> [Prompt]
Lines before the one containing "评出|济宁市重点项目现场观摩评出十佳项目，辰欣药业斩获第一名" are left out; that line and all after it, through the end of the records, must be transcribed exactly.

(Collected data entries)
==============================

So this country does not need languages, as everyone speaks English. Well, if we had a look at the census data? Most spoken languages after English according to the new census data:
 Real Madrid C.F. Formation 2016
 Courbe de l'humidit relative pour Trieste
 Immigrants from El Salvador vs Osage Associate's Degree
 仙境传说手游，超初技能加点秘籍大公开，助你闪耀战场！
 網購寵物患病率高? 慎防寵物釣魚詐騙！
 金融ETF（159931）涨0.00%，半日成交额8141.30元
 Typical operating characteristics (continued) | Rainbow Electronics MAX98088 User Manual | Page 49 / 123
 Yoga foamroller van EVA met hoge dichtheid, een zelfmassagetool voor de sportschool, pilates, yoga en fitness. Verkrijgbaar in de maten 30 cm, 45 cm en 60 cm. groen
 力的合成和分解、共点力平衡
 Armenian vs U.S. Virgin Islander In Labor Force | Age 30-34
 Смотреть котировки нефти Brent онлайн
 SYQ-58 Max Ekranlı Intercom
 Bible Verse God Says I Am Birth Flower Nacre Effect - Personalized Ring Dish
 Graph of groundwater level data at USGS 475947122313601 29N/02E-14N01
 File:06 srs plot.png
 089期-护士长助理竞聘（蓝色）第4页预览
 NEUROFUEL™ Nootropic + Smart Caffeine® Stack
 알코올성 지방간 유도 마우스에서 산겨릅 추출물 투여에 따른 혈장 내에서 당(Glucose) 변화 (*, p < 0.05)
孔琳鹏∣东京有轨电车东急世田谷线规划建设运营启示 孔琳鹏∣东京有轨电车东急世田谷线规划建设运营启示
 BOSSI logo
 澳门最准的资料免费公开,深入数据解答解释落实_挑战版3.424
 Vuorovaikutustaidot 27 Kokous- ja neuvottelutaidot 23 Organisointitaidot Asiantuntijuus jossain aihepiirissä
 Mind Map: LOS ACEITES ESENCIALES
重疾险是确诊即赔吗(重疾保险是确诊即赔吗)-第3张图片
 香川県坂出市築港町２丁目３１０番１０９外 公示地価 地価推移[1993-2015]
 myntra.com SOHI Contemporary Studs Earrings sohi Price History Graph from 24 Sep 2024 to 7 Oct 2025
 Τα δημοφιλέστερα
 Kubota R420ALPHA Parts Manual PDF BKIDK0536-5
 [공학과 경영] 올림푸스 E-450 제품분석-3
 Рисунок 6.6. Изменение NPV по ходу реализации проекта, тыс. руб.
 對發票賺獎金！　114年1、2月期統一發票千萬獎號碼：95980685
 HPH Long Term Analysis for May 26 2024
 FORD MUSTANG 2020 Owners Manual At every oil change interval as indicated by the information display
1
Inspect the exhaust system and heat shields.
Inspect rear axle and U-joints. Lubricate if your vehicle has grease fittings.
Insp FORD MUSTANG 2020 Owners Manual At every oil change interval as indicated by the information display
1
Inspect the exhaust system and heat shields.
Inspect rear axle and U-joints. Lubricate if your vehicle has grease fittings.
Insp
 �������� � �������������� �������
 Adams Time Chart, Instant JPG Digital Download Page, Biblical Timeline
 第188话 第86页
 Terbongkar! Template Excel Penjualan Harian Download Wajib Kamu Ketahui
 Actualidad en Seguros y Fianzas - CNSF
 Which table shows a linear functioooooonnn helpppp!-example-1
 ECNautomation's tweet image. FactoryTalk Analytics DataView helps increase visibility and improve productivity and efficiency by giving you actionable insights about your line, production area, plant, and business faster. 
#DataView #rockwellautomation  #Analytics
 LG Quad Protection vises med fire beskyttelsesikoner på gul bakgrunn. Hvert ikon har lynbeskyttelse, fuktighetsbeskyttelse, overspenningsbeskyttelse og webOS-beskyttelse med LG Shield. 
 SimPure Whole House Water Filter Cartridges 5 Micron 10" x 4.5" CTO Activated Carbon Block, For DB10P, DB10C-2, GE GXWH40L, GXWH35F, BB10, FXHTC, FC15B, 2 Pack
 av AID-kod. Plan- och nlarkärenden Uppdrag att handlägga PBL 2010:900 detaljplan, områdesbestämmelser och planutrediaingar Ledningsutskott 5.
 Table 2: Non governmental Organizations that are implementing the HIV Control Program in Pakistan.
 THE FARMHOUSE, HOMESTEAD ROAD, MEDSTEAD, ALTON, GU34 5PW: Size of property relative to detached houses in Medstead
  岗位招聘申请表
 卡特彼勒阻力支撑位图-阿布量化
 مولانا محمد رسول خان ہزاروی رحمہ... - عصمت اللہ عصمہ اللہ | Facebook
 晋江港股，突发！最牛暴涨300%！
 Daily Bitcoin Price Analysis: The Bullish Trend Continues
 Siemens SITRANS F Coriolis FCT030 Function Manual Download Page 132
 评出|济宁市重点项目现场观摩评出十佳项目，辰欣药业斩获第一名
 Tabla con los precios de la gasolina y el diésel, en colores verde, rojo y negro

==============================

> [Answer for this exercise]
 评出|济宁市重点项目现场观摩评出十佳项目，辰欣药业斩获第一名
 Tabla con los precios de la gasolina y el diésel, en colores verde, rojo y negro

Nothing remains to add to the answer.